I was testing some wordpress optimization ideas which lead me into writing some profiling code which somehow lead me into installing alex rabe’s wordpress memory usage plugin. What especially caught my eye was the test that demonstrated that wordpress with german translation requires 6.5 Megs more then the english wordpress version. I have repeated his test with the hebrew translation and got a difference of about 4 Megs (the difference between the languages can be explained by the fact that german has notoriously long words or the hebrew translation is somewhat sloppy).
This just confirmed something that I have thought for quite a long time but hadn’t figured out how to quantify it. The problem with the wordpress translation process is that you translate the whole of wordpress and generate a single translation file which essential contains pairs of strings and their translation.
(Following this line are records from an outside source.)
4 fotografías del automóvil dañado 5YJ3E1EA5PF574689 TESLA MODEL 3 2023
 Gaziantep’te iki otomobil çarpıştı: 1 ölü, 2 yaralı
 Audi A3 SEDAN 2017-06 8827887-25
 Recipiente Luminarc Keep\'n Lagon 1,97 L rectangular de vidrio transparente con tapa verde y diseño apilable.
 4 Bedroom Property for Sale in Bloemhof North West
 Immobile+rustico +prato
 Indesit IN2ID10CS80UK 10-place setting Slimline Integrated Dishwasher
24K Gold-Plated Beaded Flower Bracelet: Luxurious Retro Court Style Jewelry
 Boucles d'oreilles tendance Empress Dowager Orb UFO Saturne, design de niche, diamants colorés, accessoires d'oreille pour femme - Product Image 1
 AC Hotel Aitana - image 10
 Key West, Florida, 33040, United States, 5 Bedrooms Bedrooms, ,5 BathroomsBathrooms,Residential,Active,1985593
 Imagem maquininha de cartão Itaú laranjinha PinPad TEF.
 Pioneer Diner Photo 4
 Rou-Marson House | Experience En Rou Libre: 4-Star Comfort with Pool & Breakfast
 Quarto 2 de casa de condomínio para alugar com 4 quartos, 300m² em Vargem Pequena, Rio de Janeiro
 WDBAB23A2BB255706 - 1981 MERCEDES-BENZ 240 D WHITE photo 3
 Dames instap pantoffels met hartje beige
Then you place your translation in predefined place and wordpress loads the whole translation pairs to the memory when the first string is being translated.
The problem with this approach is that as time passes by, the admin interface accumulates much more translatable strings then the front end functions. Of the ~3200 translatable string in wordpress I guess that no more the 400 are used when the actual HTML for the blog posts is generated. In other words, about 80% of the memory consumed by the translation will never be used for the work wordpress does for the 99% of the incoming trafic.
As if to demonstrate the problem, for version 2.8 the wordpress developers had split the translation file and created a unique translation file for the cities of the world, used when configuring time zone information, which is loaded only in one location in the admin interface and by that saved 400 string from loading at any other page of the site. But then, those strings where actually loaded when you reached that page, and with some help from inefficient PHP code, have caused an “out of memory” php error. The end result was that part of the page did not get displayed and since the error was not displayed, it was really hard to even understand what is the problem, and harder to find its cause.
The whole issue is not being helped by the fact that there is no way to use the PHP gettext module from wordpress without hacking the core. I don’t know how much it will be more efficient but since it is written in the C language it can theoretically use less memory and have a faster response time then the PHP implementation.
Ideal translation implementation will have a single translation file for a single uri, but this is currently far from being practical as it is hard to know all the possible execution paths just by looking and the code, and therefor hard to determine which translations will be required for each uri. Maybe some run-time adaptive algorithm which will compute the translation file while wordpress is executing will give the best approximation to the ideal.
Meanwhile, in the real world, the translation should be separated at least in to two parts – the front end, and the admin. This should be done either by moving all of the admin related string to reside under the wp-admin directory while the front end will be found only under wp-includes directory. Alternatively the wordpress release process should generate two POT files for the release by employing some internal knowledge on which files/strings should be used only at the admin, aknowledge which most of wordpress tranlators lacks.
While this will not necessarily solve the problem of the translation “nuking” the admin interface, it will at least reduce the memory consumption and improve CPU performance at the front end
Note: while caching plugins like super cache can be used to practically ignore this problem, not every shared hosting has the facilities to support it, and it has its own drawbacks which will prevent it from being a bullet proof solution (otherwise its place is in the wordpress core).
Update: Looks like I am not the only one who is bothered by the inefficiencies in the way the translation works. Johan Eenfeldt had created a plugin which provides caching to the parsed translation file. This might not solve my memory related problems (I will have to use the file cache option), but at least it is a performance gain.